Uzbekistan asks Iran for copy of page from rare Quran kept at the National Museum of Iran for museum.

According to the Tehran Times, the request was made by Uzbekistan Ambassador Bakhodir Abdullaev at a meeting with Iran’s Deputy Culture Minister for Artistic Affairs Seyyed Mojtaba Hosseini in Tehran on July 9. 

Calligraphy and illumination for this edition of the Quran was commissioned by Baysonqor Mirza (1399-1433), the grandson of Timur (1336-1405), the Turkic ruler of Central Asia.

The ambassador reportedly said that he wants an Iranian calligrapher to inscribe a page from the copy of the Quran for future display in a museum of Islamic civilization that his country plans to establish.

Hosseini said that his department would negotiate with the officials at the Cultural Heritage, Tourism and Handicrafts Organization (CHTHO) for the inscription of a page from the folio.

He added that several other rare manuscripts of the Holy Quran are being preserved at other museums and institutions of Iran.

The ambassador also said that Iranian musicians are frequent visitors to Uzbek festivals, and added that several Iranian groups have been invited to perform at the Sharq Taronalari International Music Festival taking place in Samarkand in August.

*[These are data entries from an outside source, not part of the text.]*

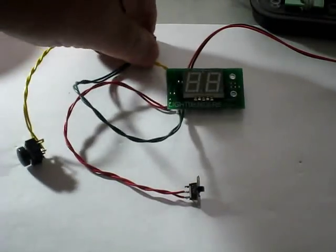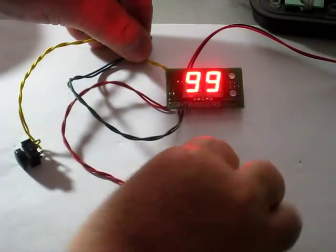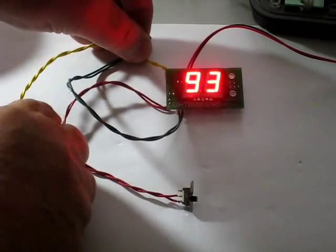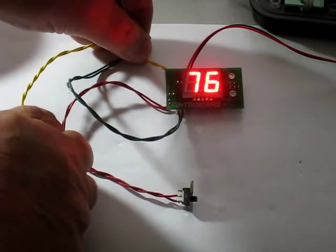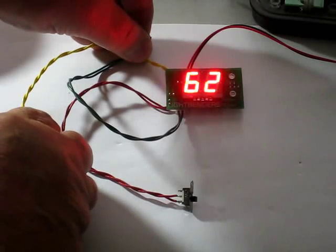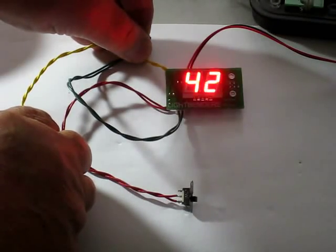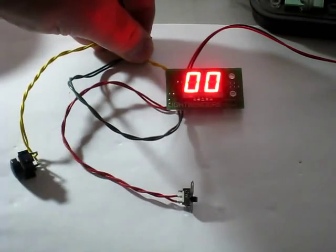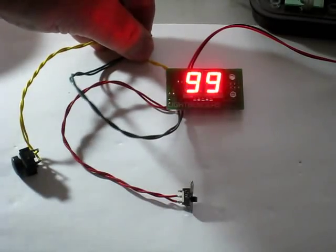I'm going to simulate turning this on with a magazine in it. You see it comes up and counts down to 95. Now if I hit the trigger, it goes down 10 rounds per second until it hits zero. Then there's nothing you can do until you take the magazine out and replace it with a new one.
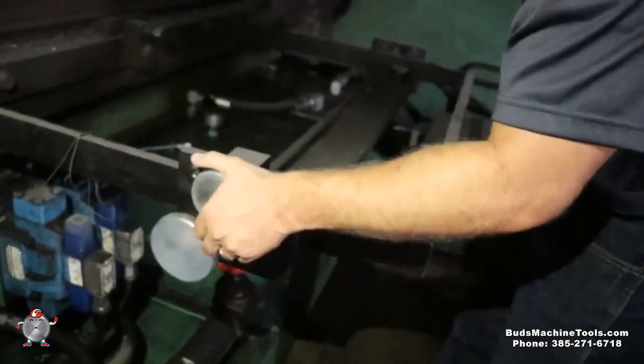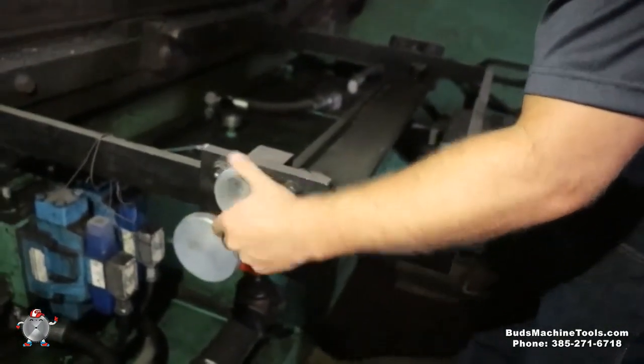You've got your manual back gauge. You can tell it's very easy to move where you want, and fine adjust right here.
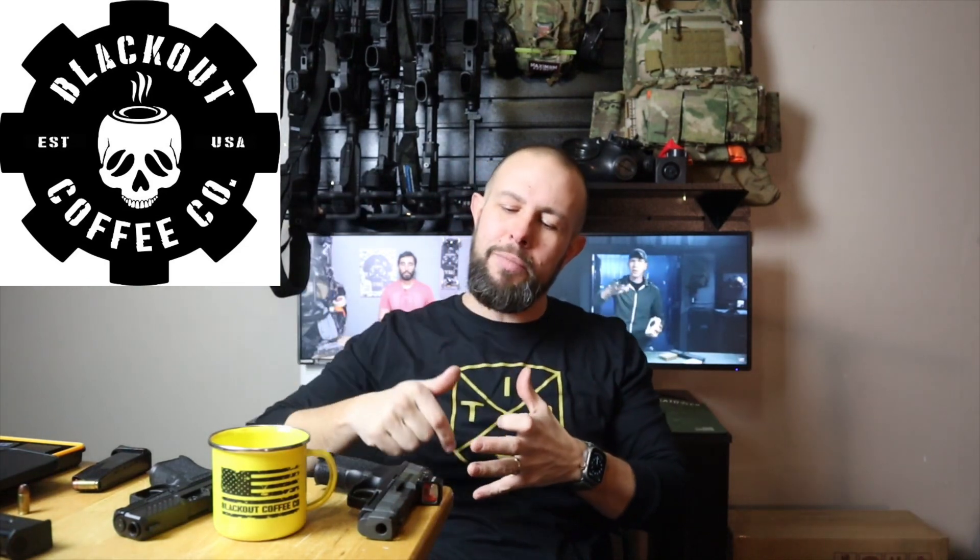Before you go, I want to thank the sponsor — Blackout Coffee. They make great coffee, tea, and hot chocolate — very delicious. There's a discount code in the description if you want to try it. Also, if you want to support the channel, we have long sleeve shirts, short sleeve shirts, and patches. Thank you guys for watching — if you think I deserve it, like, comment, subscribe, and enable bell notifications. I really appreciate it — see you next time.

The Malek Museum and Library also keeps several pages of the rare manuscript of the Baysunqor Quran.

According to a study published by Columbia University in New York City, the Quran was first seen in modern times by traveler James Baillie Fraser in Quchan during a tour of Khorasan in 1821-2.

The pages had been taken to Quchan from Samarkand at the time of Nadir Shah’s occupation of the city in the 18th century.  Part of the Quran had been placed in an imamzadeh in Quchan by a local Kurdish ruler who had participated in the campaign against Samarkand.

This imamzadeh was destroyed by an earthquake in 1895, but before this time, Qajar king Nasser ad-Din Shah had visited it and removed some of the pages to be placed in the library of the Golestan Palace in Tehran.

In 1912 Prince Mohammad Hashem Afshar visited Quchan and retrieved the remaining pages from the ruins, bringing some to Mashhad.  Other pages and fragments are in Iranian and foreign collections, either brought from Samarkand at the time of its capture by Nadir Shah, taken from Quchan, or brought back as souvenirs before Nadir Shah looted the city.

Other pages are reportedly kept at the Astan Qods Library in Mashhad and the National Museum of Iran. The Reza Abbasi Museum in Tehran and the National Library and Archives of Iran has also fragments of the Quran.

Ghiyath ud-din Baysunghur, commonly known as Baysonqor or Baysongor, also called Sultan Baysongor Bahador Khan (1397 - 1433) was a prince from the house of Timurids.  He was known as a patron of arts and architecture, the leading patron of the Persian miniature in Persia, commissioning the Baysonghor Shahnameh and other works, as well as being a prominent calligrapher.